● PROBLEM REQUIREMENTS: Your task is to transcribe, without alteration, the lines from the top of the material below through the line bearing "Feta, tomatoes, and garlic in baking dish", inclusive.

● DATA UNDER STUDY:

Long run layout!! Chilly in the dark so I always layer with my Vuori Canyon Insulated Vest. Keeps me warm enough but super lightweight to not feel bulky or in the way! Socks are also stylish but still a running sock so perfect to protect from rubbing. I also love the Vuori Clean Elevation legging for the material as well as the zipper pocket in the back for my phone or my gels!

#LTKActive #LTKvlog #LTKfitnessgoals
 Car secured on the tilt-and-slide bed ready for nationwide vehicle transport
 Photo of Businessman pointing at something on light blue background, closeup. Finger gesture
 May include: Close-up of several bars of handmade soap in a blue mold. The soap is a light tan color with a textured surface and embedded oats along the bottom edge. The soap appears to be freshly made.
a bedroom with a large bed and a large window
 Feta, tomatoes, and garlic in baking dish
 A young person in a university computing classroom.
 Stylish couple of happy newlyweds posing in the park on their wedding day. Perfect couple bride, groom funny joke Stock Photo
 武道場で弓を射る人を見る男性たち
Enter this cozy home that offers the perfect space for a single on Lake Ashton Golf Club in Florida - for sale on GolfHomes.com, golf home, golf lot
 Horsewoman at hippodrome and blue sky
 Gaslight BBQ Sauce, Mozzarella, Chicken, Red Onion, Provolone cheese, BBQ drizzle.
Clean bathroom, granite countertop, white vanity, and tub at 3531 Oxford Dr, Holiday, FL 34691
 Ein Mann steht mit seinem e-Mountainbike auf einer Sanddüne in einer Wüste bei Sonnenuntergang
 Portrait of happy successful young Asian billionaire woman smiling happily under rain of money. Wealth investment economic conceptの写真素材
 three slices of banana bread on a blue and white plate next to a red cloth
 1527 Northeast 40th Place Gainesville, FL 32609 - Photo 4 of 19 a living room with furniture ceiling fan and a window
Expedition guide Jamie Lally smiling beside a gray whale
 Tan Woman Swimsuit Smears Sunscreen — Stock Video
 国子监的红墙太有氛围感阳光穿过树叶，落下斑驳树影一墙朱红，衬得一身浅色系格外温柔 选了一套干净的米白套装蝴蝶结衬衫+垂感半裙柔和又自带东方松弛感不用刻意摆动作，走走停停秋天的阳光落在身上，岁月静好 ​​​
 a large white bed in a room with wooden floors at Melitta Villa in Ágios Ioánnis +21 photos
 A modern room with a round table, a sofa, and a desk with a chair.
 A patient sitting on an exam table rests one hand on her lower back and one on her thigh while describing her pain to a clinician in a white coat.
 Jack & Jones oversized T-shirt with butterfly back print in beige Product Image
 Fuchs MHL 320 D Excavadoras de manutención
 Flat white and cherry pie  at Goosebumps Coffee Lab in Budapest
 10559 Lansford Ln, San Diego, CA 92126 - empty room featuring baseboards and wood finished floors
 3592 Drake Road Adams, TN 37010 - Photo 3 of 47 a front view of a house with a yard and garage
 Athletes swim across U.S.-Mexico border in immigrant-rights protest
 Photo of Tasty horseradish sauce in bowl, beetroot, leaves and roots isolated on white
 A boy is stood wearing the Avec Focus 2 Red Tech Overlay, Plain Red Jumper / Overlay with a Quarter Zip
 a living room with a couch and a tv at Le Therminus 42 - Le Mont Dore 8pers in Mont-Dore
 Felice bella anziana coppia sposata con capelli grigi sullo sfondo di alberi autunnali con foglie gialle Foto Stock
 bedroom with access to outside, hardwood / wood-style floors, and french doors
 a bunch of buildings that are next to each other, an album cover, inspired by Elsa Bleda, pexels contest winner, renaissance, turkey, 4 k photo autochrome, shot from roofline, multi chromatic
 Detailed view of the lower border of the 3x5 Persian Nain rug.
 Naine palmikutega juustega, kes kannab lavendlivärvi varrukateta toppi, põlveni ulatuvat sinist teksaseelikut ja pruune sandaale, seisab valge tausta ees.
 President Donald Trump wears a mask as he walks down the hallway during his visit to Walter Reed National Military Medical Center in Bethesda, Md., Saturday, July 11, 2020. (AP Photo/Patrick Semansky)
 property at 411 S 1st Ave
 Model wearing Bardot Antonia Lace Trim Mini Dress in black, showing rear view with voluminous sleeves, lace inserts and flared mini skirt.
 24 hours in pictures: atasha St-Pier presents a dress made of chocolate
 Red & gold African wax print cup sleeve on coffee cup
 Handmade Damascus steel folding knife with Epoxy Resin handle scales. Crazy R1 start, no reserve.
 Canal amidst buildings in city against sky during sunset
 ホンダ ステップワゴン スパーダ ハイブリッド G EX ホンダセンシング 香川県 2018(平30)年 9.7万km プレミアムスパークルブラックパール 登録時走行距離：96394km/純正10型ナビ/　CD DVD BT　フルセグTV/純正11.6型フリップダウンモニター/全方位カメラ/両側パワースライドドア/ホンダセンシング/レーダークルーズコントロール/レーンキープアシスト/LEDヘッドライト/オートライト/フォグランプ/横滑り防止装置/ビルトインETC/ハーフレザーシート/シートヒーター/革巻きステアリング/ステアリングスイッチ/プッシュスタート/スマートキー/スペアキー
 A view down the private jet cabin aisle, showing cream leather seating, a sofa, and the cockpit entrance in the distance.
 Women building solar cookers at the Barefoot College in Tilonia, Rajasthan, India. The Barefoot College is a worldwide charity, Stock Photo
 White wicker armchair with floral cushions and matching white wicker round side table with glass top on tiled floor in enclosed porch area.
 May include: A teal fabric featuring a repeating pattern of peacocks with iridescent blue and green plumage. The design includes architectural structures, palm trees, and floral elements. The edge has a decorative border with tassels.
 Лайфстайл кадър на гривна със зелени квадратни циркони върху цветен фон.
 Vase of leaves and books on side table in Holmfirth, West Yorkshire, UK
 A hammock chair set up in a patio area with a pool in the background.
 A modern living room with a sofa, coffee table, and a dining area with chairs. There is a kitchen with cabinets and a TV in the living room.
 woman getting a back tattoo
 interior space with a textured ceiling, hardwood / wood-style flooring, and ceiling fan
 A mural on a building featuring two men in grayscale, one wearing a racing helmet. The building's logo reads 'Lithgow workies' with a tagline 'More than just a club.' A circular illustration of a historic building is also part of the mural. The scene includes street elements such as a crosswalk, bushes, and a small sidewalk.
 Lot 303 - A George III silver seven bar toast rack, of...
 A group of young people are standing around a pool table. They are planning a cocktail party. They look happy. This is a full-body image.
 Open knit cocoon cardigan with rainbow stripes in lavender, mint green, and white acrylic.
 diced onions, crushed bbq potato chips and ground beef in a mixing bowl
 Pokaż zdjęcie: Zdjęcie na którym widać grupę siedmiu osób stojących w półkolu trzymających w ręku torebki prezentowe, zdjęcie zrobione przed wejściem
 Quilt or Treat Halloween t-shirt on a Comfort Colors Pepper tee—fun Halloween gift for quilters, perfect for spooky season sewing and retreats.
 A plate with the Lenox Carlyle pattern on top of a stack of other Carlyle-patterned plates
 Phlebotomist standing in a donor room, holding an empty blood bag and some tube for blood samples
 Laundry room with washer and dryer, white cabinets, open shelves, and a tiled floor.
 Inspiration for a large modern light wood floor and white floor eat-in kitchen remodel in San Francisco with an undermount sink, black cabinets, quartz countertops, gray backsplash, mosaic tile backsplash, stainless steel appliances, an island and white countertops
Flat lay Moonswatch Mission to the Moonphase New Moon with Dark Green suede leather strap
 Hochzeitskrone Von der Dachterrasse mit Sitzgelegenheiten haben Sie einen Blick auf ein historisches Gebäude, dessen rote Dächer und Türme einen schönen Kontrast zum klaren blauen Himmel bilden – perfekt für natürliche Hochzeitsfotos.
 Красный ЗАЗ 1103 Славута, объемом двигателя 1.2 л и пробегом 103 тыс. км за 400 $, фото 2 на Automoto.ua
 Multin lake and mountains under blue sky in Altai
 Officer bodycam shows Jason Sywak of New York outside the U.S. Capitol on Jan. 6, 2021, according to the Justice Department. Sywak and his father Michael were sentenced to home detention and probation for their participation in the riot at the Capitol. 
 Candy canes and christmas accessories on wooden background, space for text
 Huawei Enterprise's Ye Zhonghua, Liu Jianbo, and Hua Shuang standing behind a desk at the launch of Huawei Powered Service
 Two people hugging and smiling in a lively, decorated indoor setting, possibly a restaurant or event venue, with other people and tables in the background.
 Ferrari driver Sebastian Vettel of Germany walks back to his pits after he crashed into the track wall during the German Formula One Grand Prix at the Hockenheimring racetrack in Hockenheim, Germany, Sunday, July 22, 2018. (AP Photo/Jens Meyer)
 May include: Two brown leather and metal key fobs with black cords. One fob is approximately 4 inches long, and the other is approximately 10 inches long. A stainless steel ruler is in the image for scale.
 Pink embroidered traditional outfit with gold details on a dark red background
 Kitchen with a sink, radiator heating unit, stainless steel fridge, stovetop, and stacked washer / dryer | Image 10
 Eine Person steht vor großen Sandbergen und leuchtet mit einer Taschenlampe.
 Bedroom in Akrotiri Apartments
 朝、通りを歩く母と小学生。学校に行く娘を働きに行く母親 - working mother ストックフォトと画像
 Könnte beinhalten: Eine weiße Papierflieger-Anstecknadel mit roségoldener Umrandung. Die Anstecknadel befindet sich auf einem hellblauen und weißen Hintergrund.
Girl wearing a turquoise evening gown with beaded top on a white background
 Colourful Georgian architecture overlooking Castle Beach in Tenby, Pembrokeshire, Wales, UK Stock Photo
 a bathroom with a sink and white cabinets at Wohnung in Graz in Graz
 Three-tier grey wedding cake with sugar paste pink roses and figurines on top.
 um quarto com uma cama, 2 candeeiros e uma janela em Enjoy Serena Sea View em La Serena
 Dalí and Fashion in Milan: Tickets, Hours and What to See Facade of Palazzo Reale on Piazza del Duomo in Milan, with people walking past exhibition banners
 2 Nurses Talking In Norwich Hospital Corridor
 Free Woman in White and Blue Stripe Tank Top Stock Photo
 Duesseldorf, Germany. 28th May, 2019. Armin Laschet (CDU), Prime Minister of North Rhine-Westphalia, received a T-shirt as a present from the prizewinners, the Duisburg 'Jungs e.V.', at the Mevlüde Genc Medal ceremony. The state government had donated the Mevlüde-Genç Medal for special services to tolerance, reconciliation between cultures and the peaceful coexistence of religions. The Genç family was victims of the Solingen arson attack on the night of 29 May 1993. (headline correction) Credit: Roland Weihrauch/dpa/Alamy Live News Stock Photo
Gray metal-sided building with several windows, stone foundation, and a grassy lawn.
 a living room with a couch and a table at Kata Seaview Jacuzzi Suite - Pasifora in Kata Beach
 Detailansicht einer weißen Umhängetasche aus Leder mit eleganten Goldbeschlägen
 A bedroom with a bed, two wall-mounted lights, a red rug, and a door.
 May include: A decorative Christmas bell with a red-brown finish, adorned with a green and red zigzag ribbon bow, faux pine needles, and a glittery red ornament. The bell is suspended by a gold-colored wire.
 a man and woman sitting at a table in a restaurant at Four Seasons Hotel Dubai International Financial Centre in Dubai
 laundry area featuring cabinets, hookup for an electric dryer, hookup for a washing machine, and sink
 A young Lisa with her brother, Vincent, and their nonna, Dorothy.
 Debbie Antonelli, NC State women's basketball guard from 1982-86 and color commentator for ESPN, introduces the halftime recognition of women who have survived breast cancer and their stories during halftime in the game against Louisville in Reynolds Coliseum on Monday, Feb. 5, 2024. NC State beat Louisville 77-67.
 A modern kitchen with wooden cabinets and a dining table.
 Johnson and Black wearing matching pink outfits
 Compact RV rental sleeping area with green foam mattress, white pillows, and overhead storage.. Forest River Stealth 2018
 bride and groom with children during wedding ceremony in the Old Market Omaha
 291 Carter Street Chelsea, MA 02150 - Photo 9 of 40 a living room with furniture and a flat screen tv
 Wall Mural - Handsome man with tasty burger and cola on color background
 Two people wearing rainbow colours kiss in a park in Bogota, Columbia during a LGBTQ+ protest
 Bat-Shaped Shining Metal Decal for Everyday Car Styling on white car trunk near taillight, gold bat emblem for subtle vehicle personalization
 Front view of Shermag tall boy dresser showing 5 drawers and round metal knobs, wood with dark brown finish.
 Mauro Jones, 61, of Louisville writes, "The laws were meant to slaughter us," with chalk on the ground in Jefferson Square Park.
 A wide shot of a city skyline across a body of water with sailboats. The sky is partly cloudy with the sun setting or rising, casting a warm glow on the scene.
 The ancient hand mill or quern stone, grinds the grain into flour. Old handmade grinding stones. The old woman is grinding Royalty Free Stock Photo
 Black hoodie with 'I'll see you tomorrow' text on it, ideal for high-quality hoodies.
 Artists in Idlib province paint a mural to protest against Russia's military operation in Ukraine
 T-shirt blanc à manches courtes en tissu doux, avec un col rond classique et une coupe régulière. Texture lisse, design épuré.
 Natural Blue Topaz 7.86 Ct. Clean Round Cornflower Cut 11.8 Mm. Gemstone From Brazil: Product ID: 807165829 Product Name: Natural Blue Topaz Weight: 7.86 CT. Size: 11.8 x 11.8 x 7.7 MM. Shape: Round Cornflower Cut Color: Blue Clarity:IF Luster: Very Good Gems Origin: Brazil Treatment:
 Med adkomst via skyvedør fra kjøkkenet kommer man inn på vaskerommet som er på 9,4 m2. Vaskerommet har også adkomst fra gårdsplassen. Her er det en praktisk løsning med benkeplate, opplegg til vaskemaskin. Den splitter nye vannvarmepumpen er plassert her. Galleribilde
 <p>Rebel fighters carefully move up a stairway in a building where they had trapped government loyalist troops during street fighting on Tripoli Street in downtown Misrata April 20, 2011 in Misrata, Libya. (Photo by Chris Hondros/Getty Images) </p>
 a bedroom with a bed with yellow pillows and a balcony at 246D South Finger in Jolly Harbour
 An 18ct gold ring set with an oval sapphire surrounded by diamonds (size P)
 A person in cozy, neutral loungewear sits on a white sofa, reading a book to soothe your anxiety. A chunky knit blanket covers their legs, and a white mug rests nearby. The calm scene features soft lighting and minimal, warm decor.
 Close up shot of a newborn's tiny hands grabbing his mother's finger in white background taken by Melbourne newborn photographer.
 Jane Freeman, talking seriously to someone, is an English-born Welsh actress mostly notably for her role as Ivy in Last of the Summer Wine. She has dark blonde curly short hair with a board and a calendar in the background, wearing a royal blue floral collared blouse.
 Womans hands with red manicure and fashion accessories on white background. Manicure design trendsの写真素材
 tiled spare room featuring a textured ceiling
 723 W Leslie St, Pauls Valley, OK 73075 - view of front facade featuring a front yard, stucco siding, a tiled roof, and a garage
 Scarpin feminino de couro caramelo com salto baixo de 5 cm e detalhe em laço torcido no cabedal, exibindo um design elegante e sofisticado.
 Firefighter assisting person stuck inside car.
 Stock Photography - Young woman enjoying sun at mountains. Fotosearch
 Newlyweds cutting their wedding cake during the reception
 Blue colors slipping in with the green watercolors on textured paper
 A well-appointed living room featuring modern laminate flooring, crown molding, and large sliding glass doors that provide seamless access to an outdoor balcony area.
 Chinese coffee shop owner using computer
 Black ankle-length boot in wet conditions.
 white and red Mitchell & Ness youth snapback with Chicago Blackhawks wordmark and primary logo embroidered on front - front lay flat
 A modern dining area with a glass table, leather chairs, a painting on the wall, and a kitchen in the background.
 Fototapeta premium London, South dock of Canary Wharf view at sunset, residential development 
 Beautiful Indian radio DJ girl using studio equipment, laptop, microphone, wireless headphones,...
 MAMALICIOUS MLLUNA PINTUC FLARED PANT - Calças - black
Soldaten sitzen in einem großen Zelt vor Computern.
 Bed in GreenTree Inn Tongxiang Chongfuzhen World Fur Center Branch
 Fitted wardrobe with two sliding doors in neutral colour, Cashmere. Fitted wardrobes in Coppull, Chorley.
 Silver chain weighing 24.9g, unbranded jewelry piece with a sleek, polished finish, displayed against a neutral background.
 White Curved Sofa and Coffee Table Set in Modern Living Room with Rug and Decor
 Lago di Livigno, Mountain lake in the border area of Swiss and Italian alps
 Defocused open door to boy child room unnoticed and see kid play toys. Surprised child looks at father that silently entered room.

● SOLUTION:
Long run layout!! Chilly in the dark so I always layer with my Vuori Canyon Insulated Vest. Keeps me warm enough but super lightweight to not feel bulky or in the way! Socks are also stylish but still a running sock so perfect to protect from rubbing. I also love the Vuori Clean Elevation legging for the material as well as the zipper pocket in the back for my phone or my gels!

#LTKActive #LTKvlog #LTKfitnessgoals
 Car secured on the tilt-and-slide bed ready for nationwide vehicle transport
 Photo of Businessman pointing at something on light blue background, closeup. Finger gesture
 May include: Close-up of several bars of handmade soap in a blue mold. The soap is a light tan color with a textured surface and embedded oats along the bottom edge. The soap appears to be freshly made.
a bedroom with a large bed and a large window
 Feta, tomatoes, and garlic in baking dish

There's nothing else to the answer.